Pharyngeal muscles exhibit two distinct types of contractions called pumps and peristalses. A peristalsis is a wave-like contraction followed by rapid relaxation that travels posteriorly through the isthmus, so that only a small portion of the isthmus lumen is open at any time. This contraction is remarkable, because it occurs within individual
pm5 muscle cells that extend the entire length of the pharyngeal isthmus. Peristalses occur only after several pumps, and they are dependent on signals from the M4 motor neuron. We are examining how M4 and the isthmus muscles interact to produce these peristalses. M4 is a cholinergic neuron, and we have found that
cha-1 mutants lacking acetylcholine (ACh) fail to pump or peristalse. Chemical stimulation of either muscarinic or nicotinic ACh receptors (mAChRs and nAChRs) in
cha-1 mutants is sufficient to activate peristalsis. We have examined several mutants affecting AChR genes expressed in the pharyngeal muscles and have found that mutants defective in the nAChR
eat-2 and the mAChR
gar-3 exhibit distinct peristaltic defects.

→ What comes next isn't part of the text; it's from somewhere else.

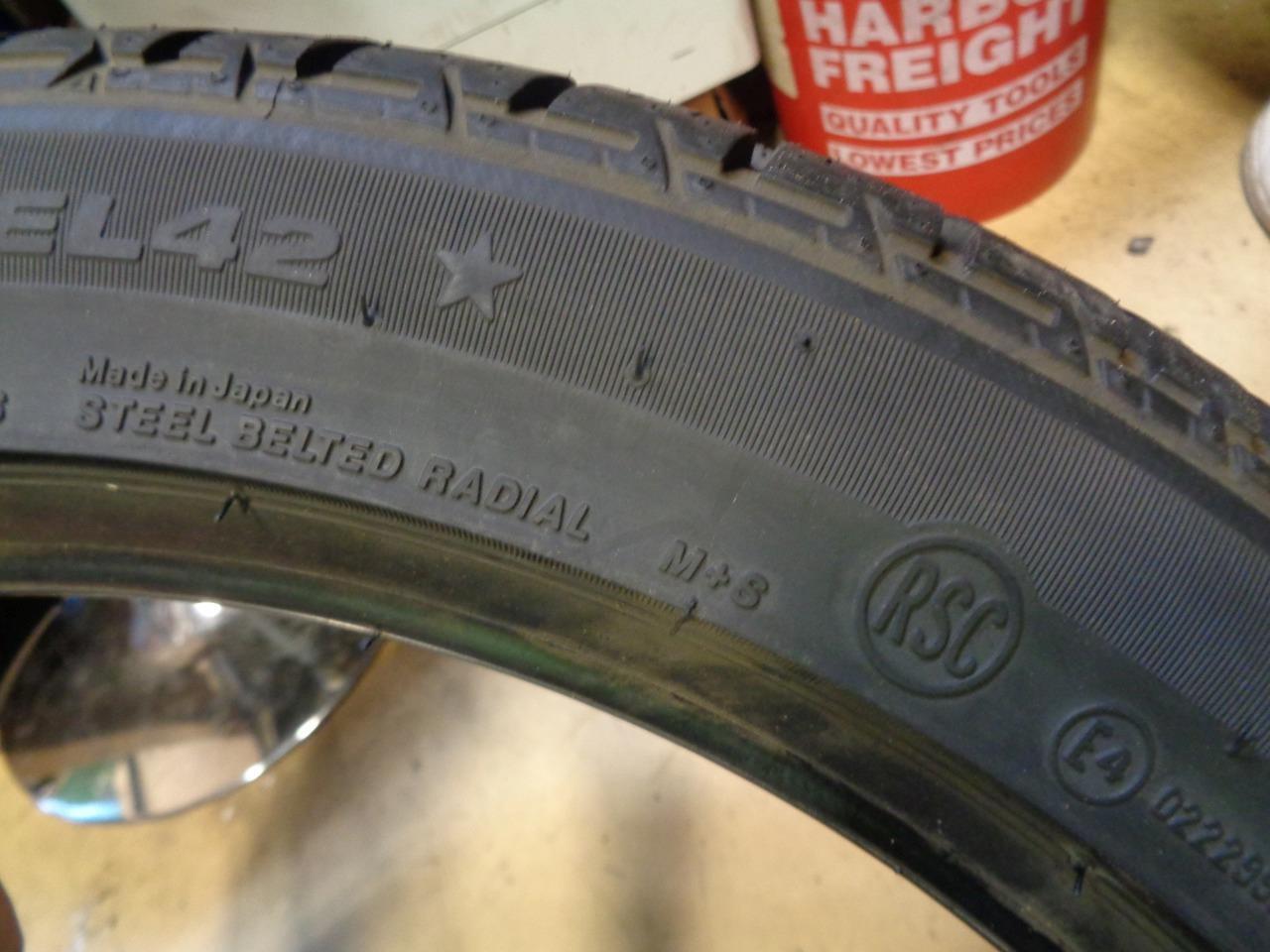 NOS BRIDGESTONE TURANZA EL42 RFT (*) BMW P 225 45 17 91H SL TIRE 096824 CQ1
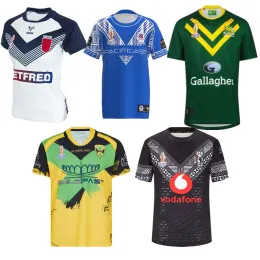Rugby NOWOŚĆ 2022 2023 RUGBY JERSEY Australia Samoa Fidżi Jamaica Rlwc Home Rugby Shirt koszulki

eat-2 mutants pump and peristalse less frequently than wild-type animals, but the
eat-2 peristalses are prolonged suggesting that EAT-2 inhibits isthmus muscle contraction. In comparison,
gar-3 mutants fail to respond to the mAChR agonist arecoline indicating GAR-3 mediates peristalsis in response to exogenous arecoline. In addition the
gar-3 mutation suppresses the prolonged peristalses observed in
eat-2 mutants, which suggests GAR-3 stimulates peristalsis even in the absence of exogenous arecoline. To understand how these AChRs affect peristalsis, we are examining Ca2+ dynamics in the isthmus muscles using GCaMP3. Wild-type animals display a broad increase in Ca2+ in the center of the isthmus during pumps followed by a wave-like increase in Ca2+ in the posterior isthmus during peristalses. We plan to analyze these dynamic Ca2+ changes in
eat-2 and
gar-3 mutants to understand how these different receptor types contribute to isthmus peristalsis.